Klassiekers deel 111: Fisherman´s Blues
05 augustus 2010Vanochtend, in de auto, stond Port O’ Brien op. Die band van dat op vrolijke wijze ontwaken. Ik ging helemaal op in de tekst en de muziek van nummer drie, Fisherman’s Son. De hele rit op repeat, prachtig. Het gaat over het niet kunnen ontsnappen aan je genen. Dat is een fascinerend onderwerp. Ik doe het verschijnsel meestal af met een grapje. Als iemand me wijst op mijn zwakkere karaktereigenschappen of op mijn al te uitbundige leefgedrag, reageer ik vaak met de kreten ‘da’s een genenkwestie’ of ‘ik heb nu eenmaal een hunkerbrein, daar doe je niks aan’. De laatste tijd hoor ik steeds vaker dat die genen toch invloedrijker zijn dan ik dacht. Dat maakt me nieuwsgierig. Ik ben dan wel geen zoon van een visser, maar er zijn van die neiginkjes die ik vast niet van een vreemde heb, laat ik het daar maar bij houden.

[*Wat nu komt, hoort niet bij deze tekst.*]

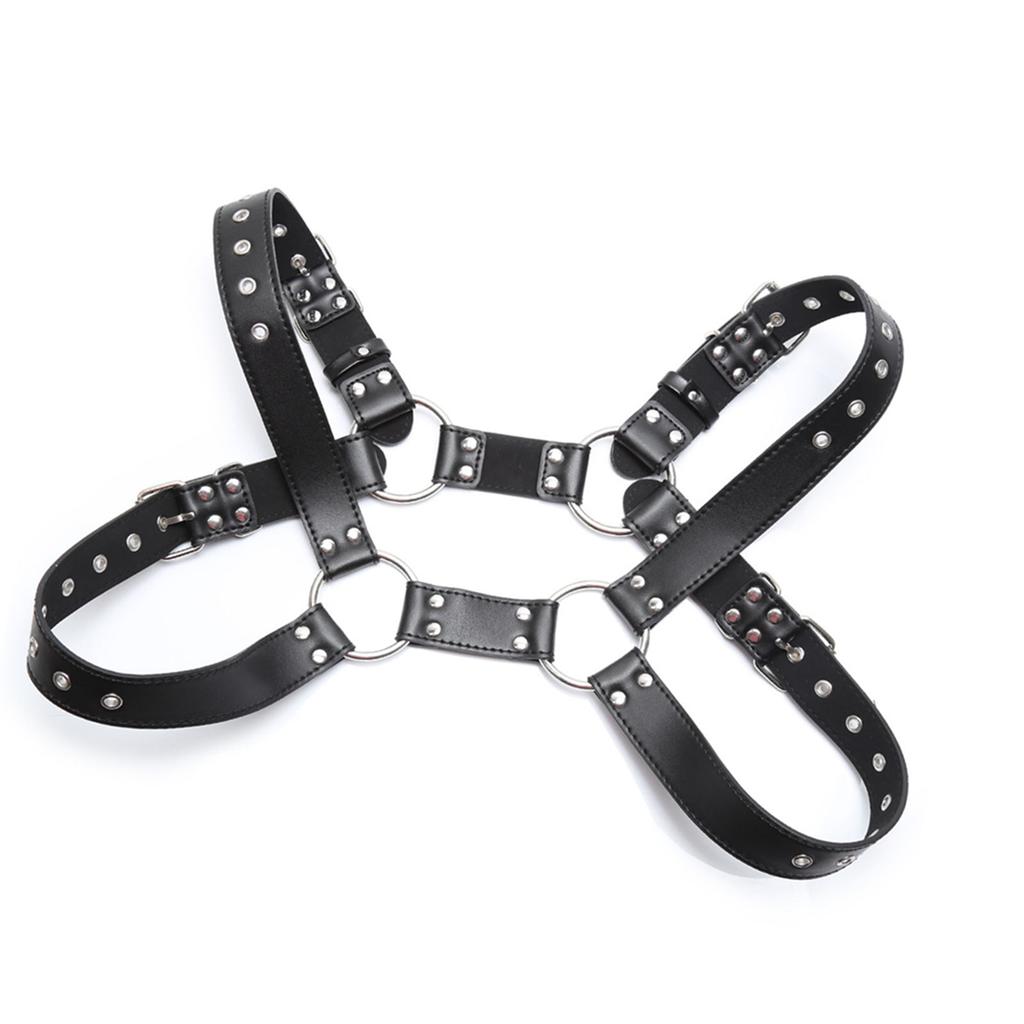 Men Harness Adjustment Fashionable Lightweight Black Men PU Leather Harness for Home PU Leather Multi Buckle Body Belt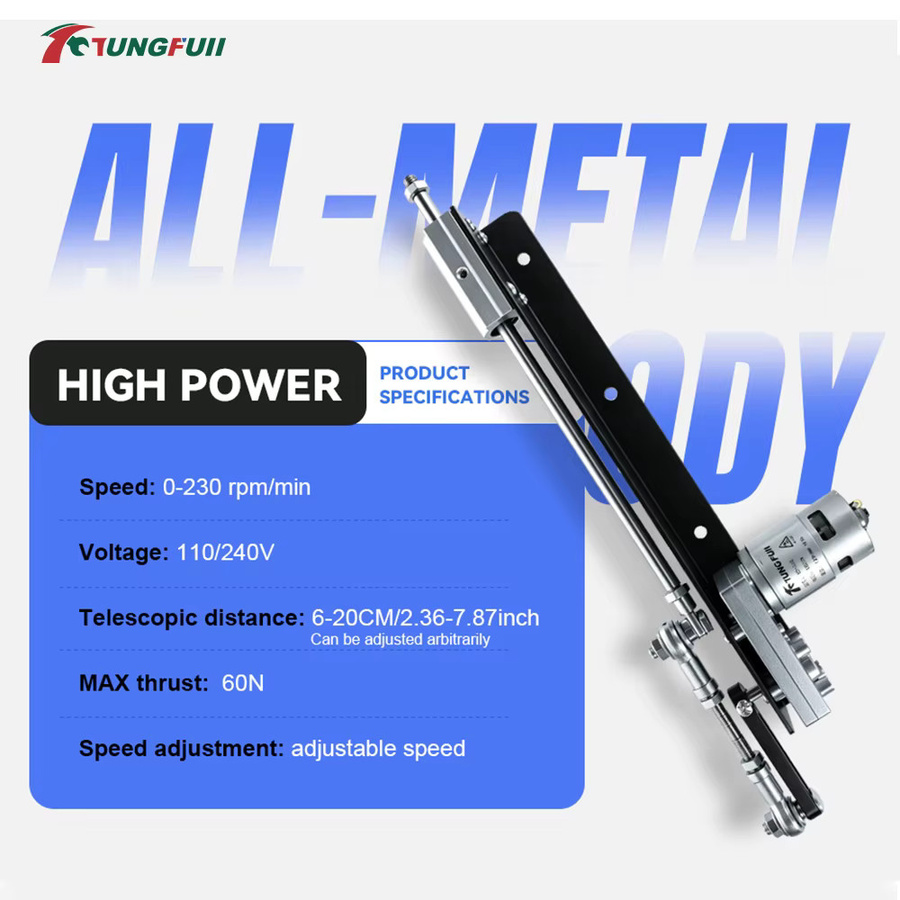 Tungfull 24V Linearbewegungssystem mit oszillierender Bewegung, einstellbarer Hub von 6-20 cm, Getriebemotor-Kit mit doppelt verstellbarem Montageständer - Bild 6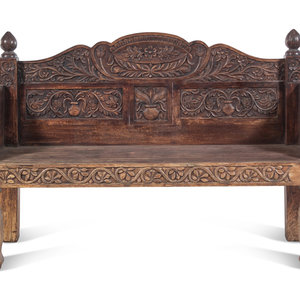 Appraisal: An Indian Carved Wood Bench th Century Height x width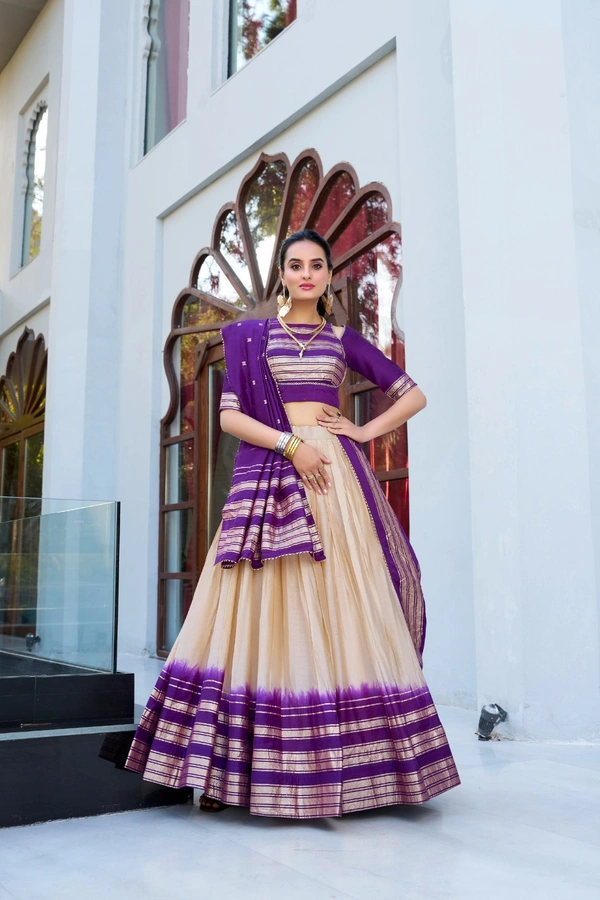 Azorte Fashion Pure Chanderi Zari Lehenga Choli Set with Dupatta – Regal Ethnic Wear - HEY, Stitched, Unstitched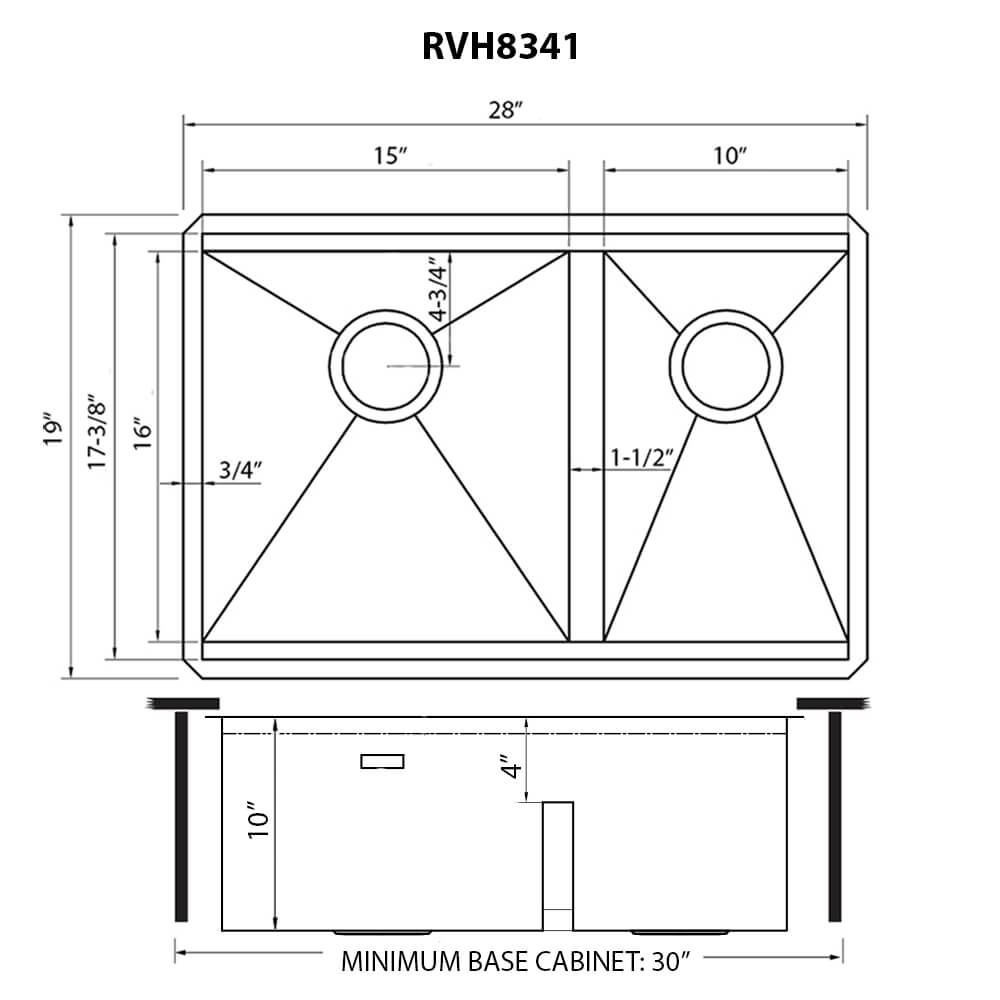 Ruvati 28" Undermount Workstation Low Divide 60/40 Kitchen Sink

Toch is het niet het nummer Fisherman’s Son, dat ik tot klassieker 111 bombardeer. Ik kies voor Fisherman’s Blues, van The Waterboys. Aan dat nummer moest ik ook denken bij het beluisteren van Port O’Brien. Ik associeer Fisherman’s Blues nog altijd met de heerlijke film Dream with the Fishes. Het is het laatste nummer van de soundtrack. Sinds het zien van die film krijg ik altijd een zweempje droomdinges over me, als ik het nummer hoor. Lekker.